The issue is personal for Guzmán, who said she worked three jobs without paid time off when she first came to the U.S. But it’s still uncertain whether a paid sick leave policy — which has previously cleared the House on party-line votes — could make it through the Senate, where there’s historically been resistance even from Democratic legislators.
Guzmán said she’s currently working with Favola to draft a new version of the legislation, which might only be filed in the House due to constraints on the number of bills that legislators can file in a potentially abbreviated 2021 session. It’s likely the bill would require employers to provide 40 hours of paid leave for full-time employees, but Guzmán said legislators are still negotiating on which workers will be covered — including whether to include any part-time employees.

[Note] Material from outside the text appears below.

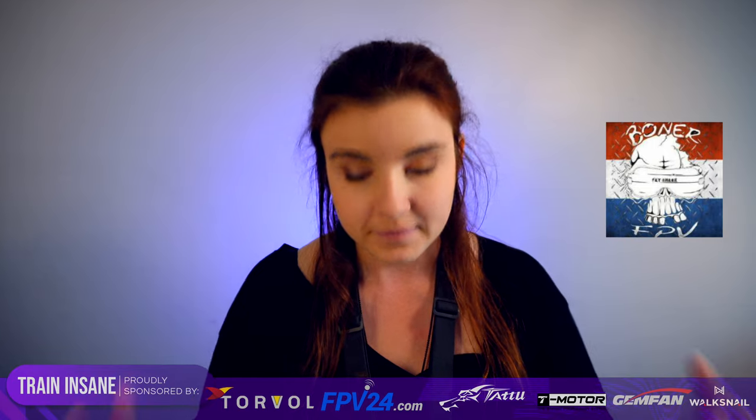This is something for absolutely everyone. Before we start, I wanted to thank the sponsors of this video: Turbo FPV24 and Tattoo, as well as the sponsors you can see on the bottom of your screen. I also wanted to thank Boner FPV for creating the tracks we will be flying — all of his tracks are amazing and you can find his info down below in the description box.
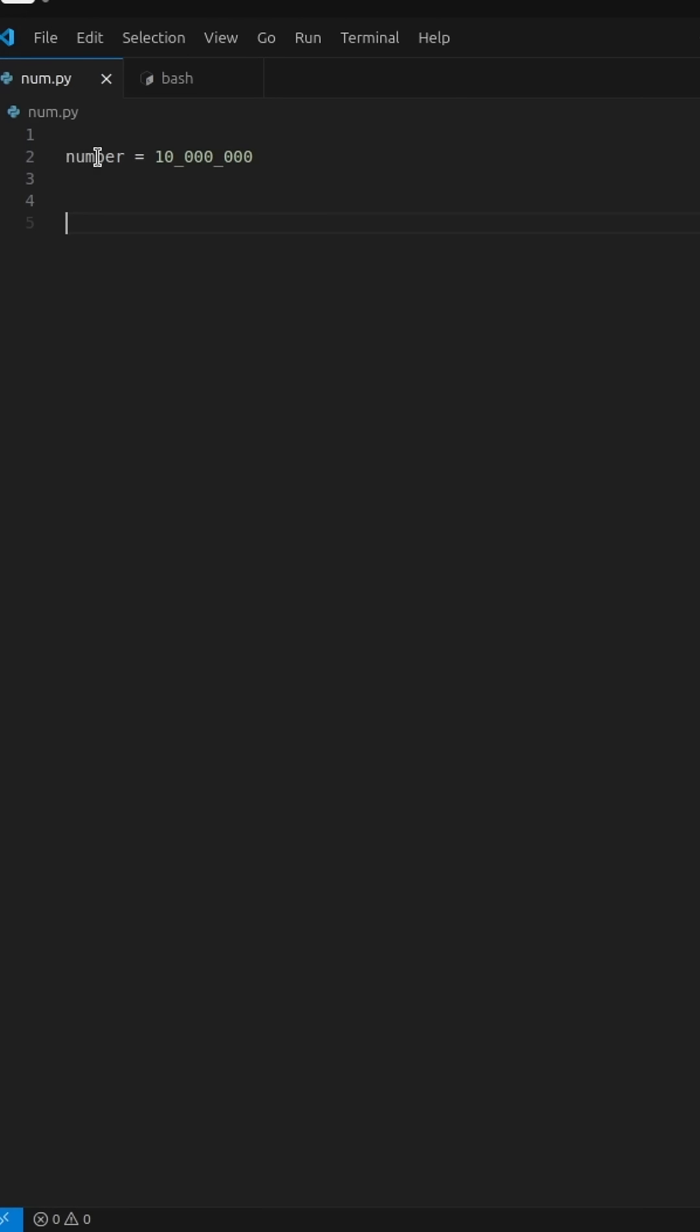Hi everyone. Today, we're going to explore how to make large numbers more human-readable in Python.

Another potential concession to skeptics of the bill is an exemption for businesses with 25 workers or fewer. But Riley said Thursday that NFIB wouldn’t support paid sick leave legislation even with the exception. And Bobo said it’s a clause that wouldn’t be supported by the Interfaith Center and many other advocates.
“We believe that’s way too high,” she said. Virginians for Paid Sick Days, a coalition of worker advocacy groups, could support a phased approach similar to the state’s minimum wage schedule, allowing an initial exemption for small businesses that would be reduced and ultimately eliminated over the next several years. But Bobo said there’s not a broad consensus on whether any businesses should be permanently excused from the policy, or what size they should be.
“There are plenty of small businesses who are thriving and shouldn’t struggle to provide paid leave,” she said. “And our coalition believes we need to get to a place where all full-time workers, at the very least, have access to sick days.”